Forderungen an den Bund alleine werden die Probleme nicht lösen. Das wissen Sie. Deshalb wollten wir den Lösungsweg nicht allzu einseitig beschrieben wissen. Das Problem ist, dass Sie, Herr Minister Groschek, offenbar als Prophet im eigenen Land bzw. in Ihrer eigenen Partei nicht gehört werden. Sie sprechen von „gemeinsam“ und von „wir“, gestern im Plenum sogar von Freundschaft und Nähe, die Sie suchen wollen. Wenn es allerdings darauf ankommt, sagen die Regierungsfraktionen von SPD und Grünen: Njet. Die Breuers und Klockes lassen den eigenen Minister im Regen stehen oder, was noch viel schlimmer wäre, die Fraktionen agieren so in Ihrem Auftrag. Wie dem auch sei, Sie müssen zunächst einmal bei sich selbst und bei Ihren Regierungsfraktionen den Geist der Gemeinsamkeit herstellen, bevor Sie damit zu anderen gehen und dem Bund ungerechtfertigte Vorwürfe machen. Durch einen formalen Akt machen Sie dann wirklich für jedermann deutlich, dass Sie ein Thema nur für den Wahlkampf instrumentalisieren. Sie stellen den Antrag zur direkten Abstimmung. Wie bei den eingangs bereits zitierten Antragsinitiativen, die alle in direkten Abstimmungen im Schnelldurchgang durchs Parlament gepeitscht wurden, verweigern Sie aus parteitaktischen Gründen die inhaltliche Debatte zu einem wichtigen landespolitischen Thema. Sie wollen keine Debatte, keine Expertenmeinungen, keinen Austausch widerstreitender Argumente. Es könnte ja sein, dass das schlichte rot-grüne Weltbild – hier die Guten, da die Bösen – nicht mit der Realität übereinstimmt.

Rot-Grün agiert wieder einmal nach dem Motto: Ich habe meine Meinung, störe mich nicht mit Argumenten!

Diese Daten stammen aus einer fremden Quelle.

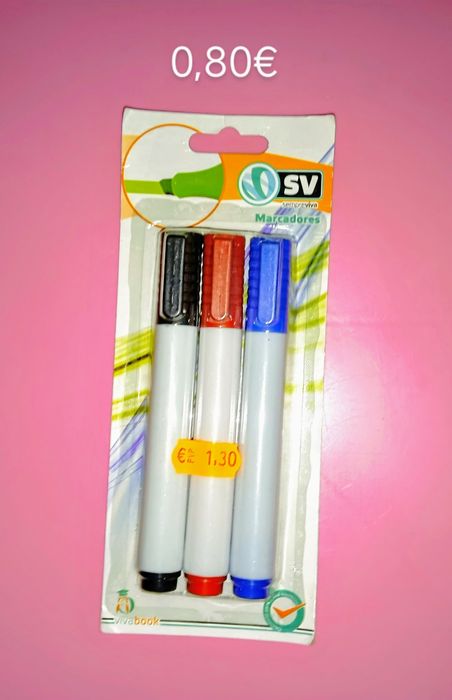 Vários artigos de papelaria e artesanato.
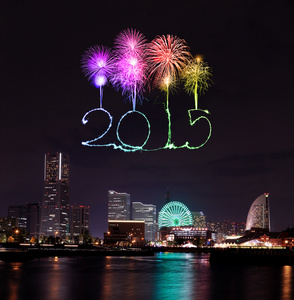 2015 新年烟花庆祝在滨海湾在横滨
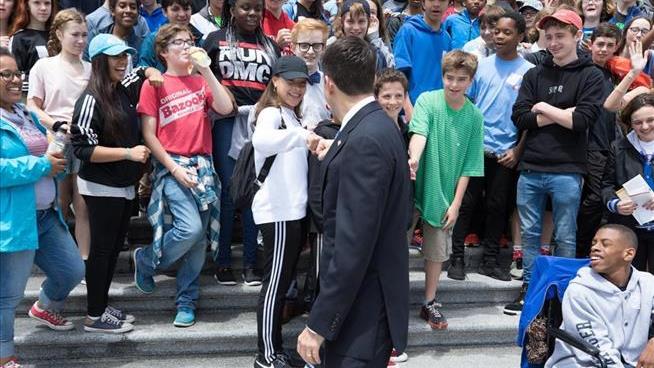 8th-Graders Ditch Photo Op With Paul Ryan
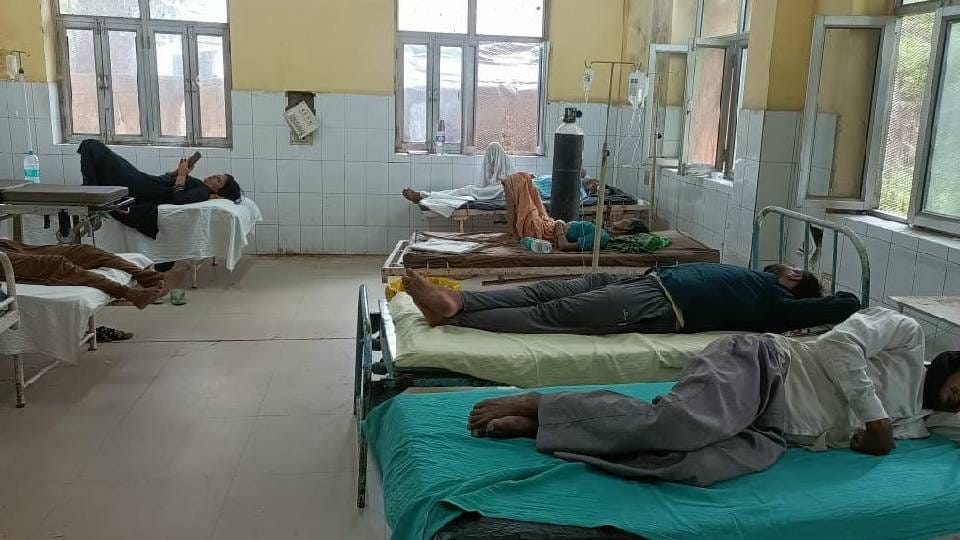 Urea mixed with sugar in tea, health of three deteriorated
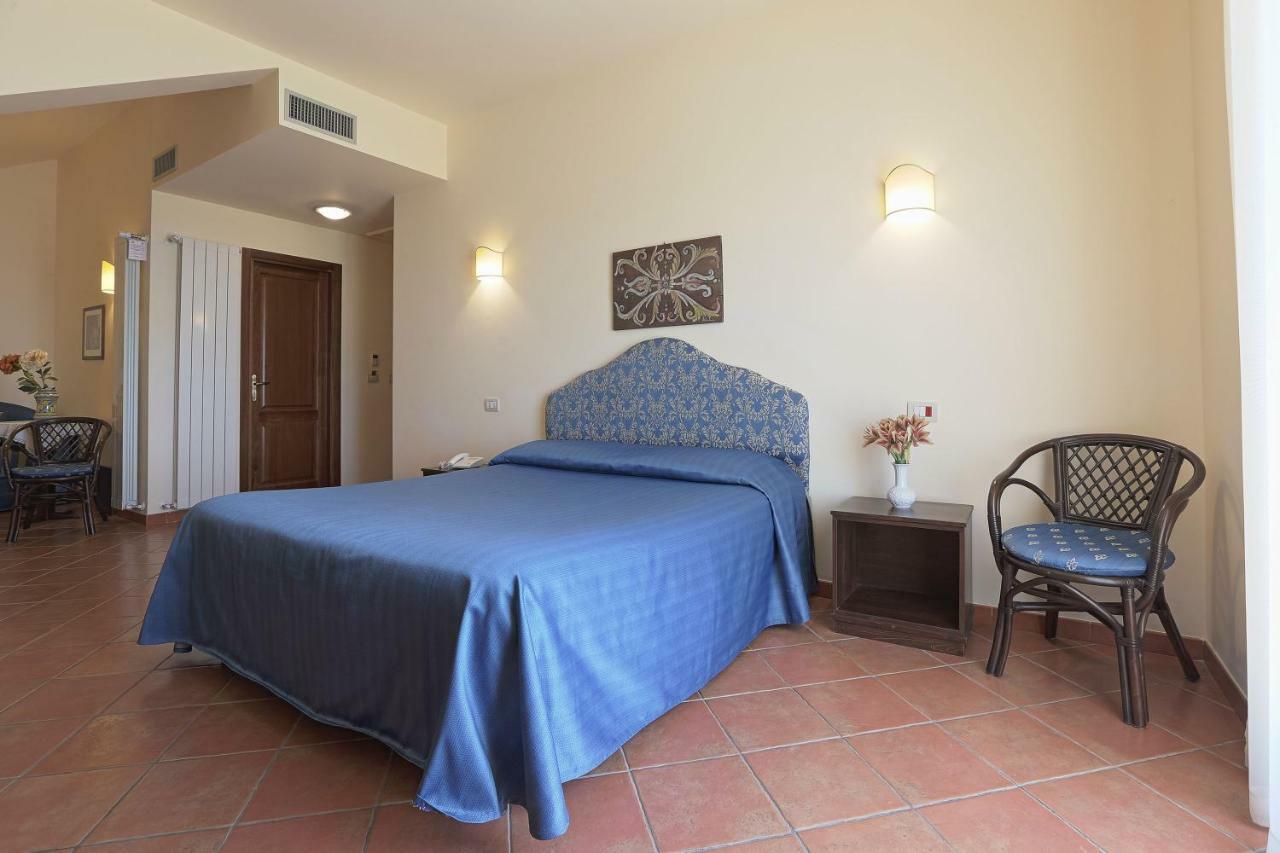 Pigna D'Oro Country Hotel Санто-Стефано Экстерьер фото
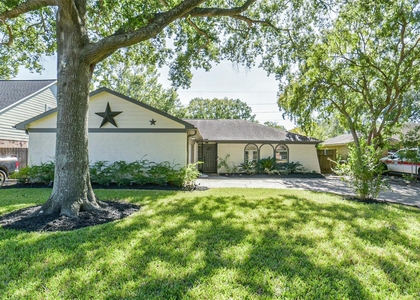 22203 Fincastle Drive - Photo 1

Über dieses Wahlkampftheater – Abteilung: unterste Schublade – ist die CDU-Fraktion sehr enttäuscht. Über die Ernsthaftigkeit von Gesprächsangeboten werden wir vor diesem Hintergrund in der Zukunft mehrfach nachdenken müssen. Wir lehnen den Antrag hier und heute ab. – Herzlichen Dank.